### Work required
Word for word, restate every line of the material.

### Stored data

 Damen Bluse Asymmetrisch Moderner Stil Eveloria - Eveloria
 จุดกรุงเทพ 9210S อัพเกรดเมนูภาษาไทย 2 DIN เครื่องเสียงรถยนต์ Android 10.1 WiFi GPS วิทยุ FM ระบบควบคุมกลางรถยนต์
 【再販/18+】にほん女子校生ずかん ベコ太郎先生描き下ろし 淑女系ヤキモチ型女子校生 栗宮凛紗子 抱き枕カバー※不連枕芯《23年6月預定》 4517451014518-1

### Solution to this exercise
 Damen Bluse Asymmetrisch Moderner Stil Eveloria - Eveloria
 จุดกรุงเทพ 9210S อัพเกรดเมนูภาษาไทย 2 DIN เครื่องเสียงรถยนต์ Android 10.1 WiFi GPS วิทยุ FM ระบบควบคุมกลางรถยนต์
 【再販/18+】にほん女子校生ずかん ベコ太郎先生描き下ろし 淑女系ヤキモチ型女子校生 栗宮凛紗子 抱き枕カバー※不連枕芯《23年6月預定》 4517451014518-1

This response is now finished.